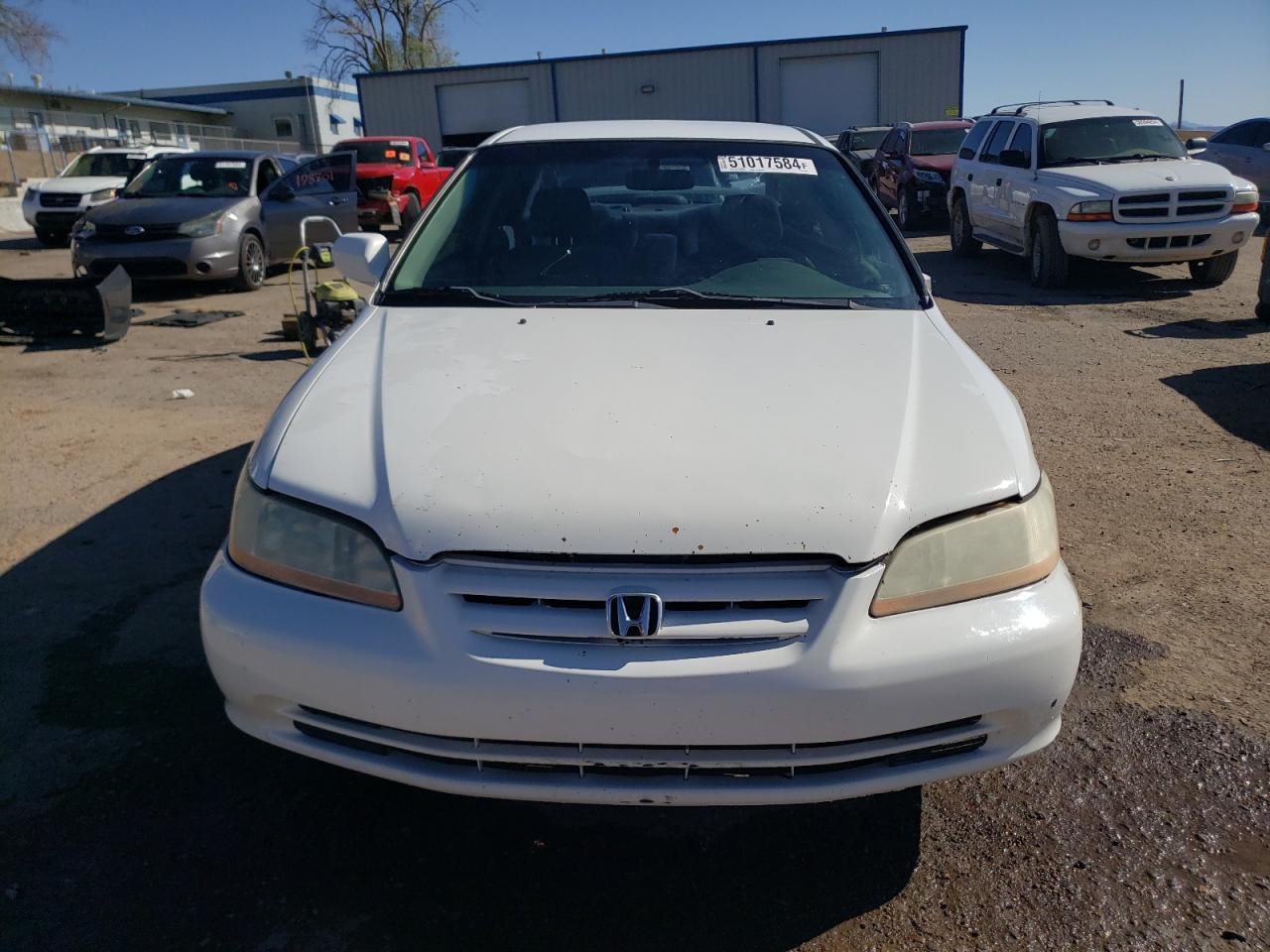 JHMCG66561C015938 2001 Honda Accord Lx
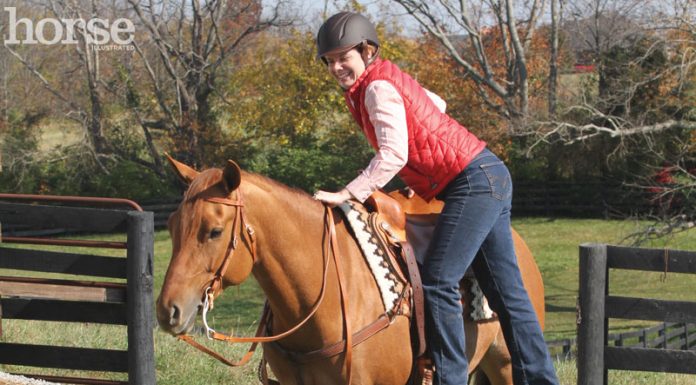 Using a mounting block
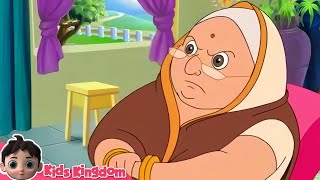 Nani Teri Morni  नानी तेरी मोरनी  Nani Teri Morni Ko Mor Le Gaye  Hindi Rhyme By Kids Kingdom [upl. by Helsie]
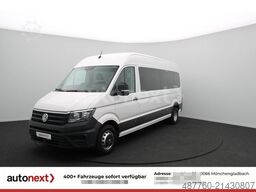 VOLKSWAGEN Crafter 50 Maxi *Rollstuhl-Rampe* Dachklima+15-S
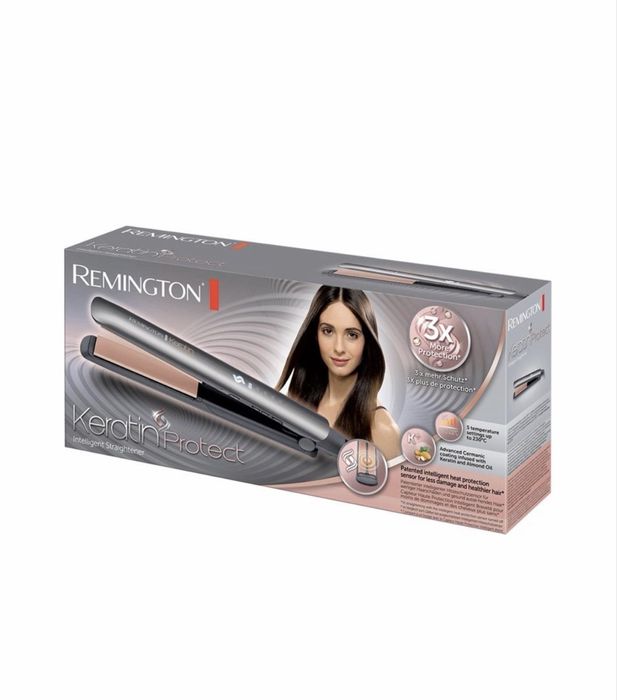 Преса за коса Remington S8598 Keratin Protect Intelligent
◆ ◆ ◆ ◆
## Task directions
Exactly the lines from the line containing "VOLKSWAGEN Crafter 50" to the end of the records need to be copied, both ends included, with pictures left out.

## Solved problem
 VOLKSWAGEN Crafter 50 Maxi *Rollstuhl-Rampe* Dachklima+15-S
 Преса за коса Remington S8598 Keratin Protect Intelligent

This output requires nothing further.